Tshabangu did not climb through the ranks of a democratic system. Instead he bulldozed his way into the senate by orchestrating the recall of elected Members of Parliament senators councillors and mayors. These were public officials chosen by the people yet removed through a scheme so calculated it would make Machiavelli proud. Tshabangu used a fraudulent claim of authority within the opposition to clear the field and hand power to a group of rejected candidates – his allies and beneficiaries of this betrayal. It was not just political ambition. It was a coordinated assault on democracy executed with chilling precision.
What makes Tshabangu’s rise even more galling is the loud hypocrisy that underlies it. He positioned himself as a critic of former CCC leader Nelson Chamisa accusing him of imposing candidates on constituencies without consultation. While there may be valid concerns around internal democracy within the CCC Tshabangu’s actions are no improvement. He has done the very thing he accused others of and worse. His political ascent was not just an internal matter. It was supported by a coalition of state actors – from parliament and the judiciary to the executive and state security. It was a deal designed not to serve citizens but to serve Tshabangu his cronies and most of all the ruling ZANU PF party.
This kind of hypocrisy is not a side effect of politics in Zimbabwe. It is the main strategy. Tshabangu and his group claim to be cleaning up the opposition yet they are puppets of the very regime that has wrecked the nation’s democratic institutions for decades. Their presence in parliament is not a win for reform. It is a win for ZANU PF dressed up as opposition politics. They are saboteurs posing as saviors and many ordinary people can see through the lie.
The consequences of these political maneuvers are severe. Voters are now watching the erosion of their choices. They went to the polls and elected leaders only for those choices to be reversed through backroom deals and legal loopholes. That is not just a betrayal. It is a dangerous precedent. It tells the people of Zimbabwe that their votes do not matter that power can be stolen not by tanks or soldiers but by signatures and seals in dark corridors of power.
For now Tshabangu and his handlers can celebrate. They have the seats the titles and the influence. But what they have stolen is not just power. They have stolen trust. They have damaged the already fragile hope that Zimbabwe’s democracy can be salvaged. In their hunger for control they have fed the beast of authoritarianism with new tools of manipulation dressed up in legal robes.

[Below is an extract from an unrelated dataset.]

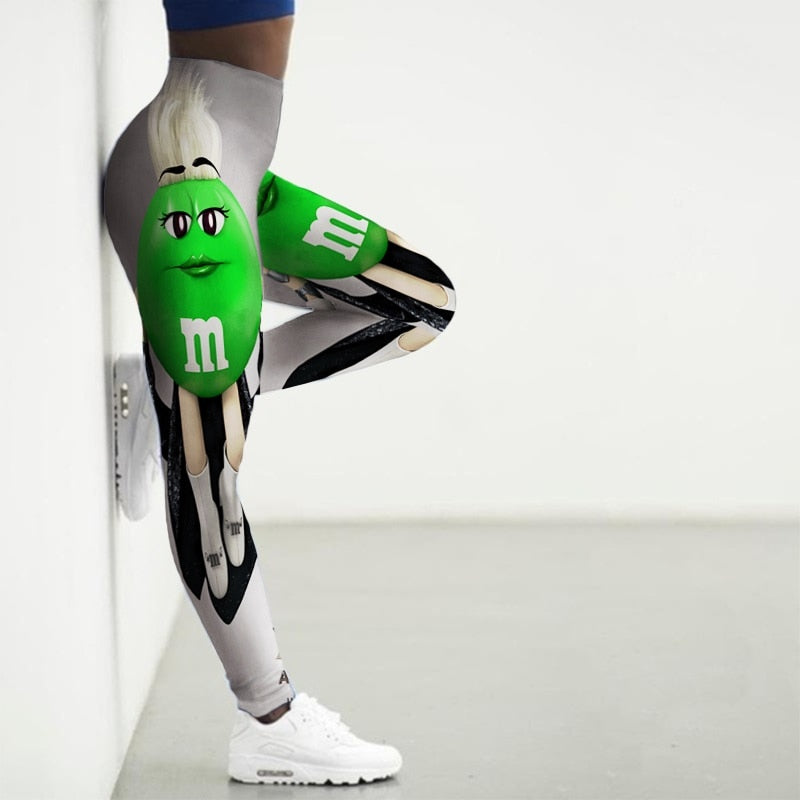 High Waist 3D Cartoon Printed Gym Yoga Leggings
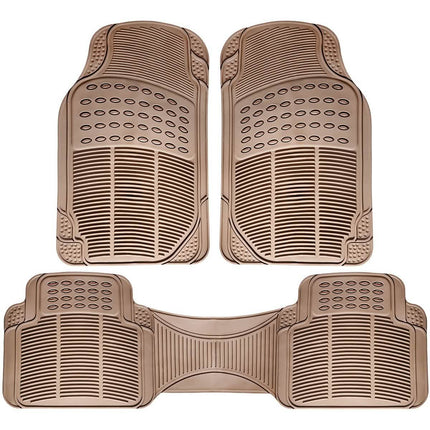 3-Piece: OxGord Car Floor Mats Ridged Rubber Full Set Universal Fit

This is not just about one man. Tshabangu represents a system that rewards betrayal and punishes integrity. He reminds us that the fight for democracy is not just against those in power but also against those who pretend to oppose it while secretly working to sustain it. As long as hypocrisy is tolerated as a strategy democracy in Zimbabwe will remain under siege. And those who love this country must call it out for what it is. A betrayal too dangerous to ignore.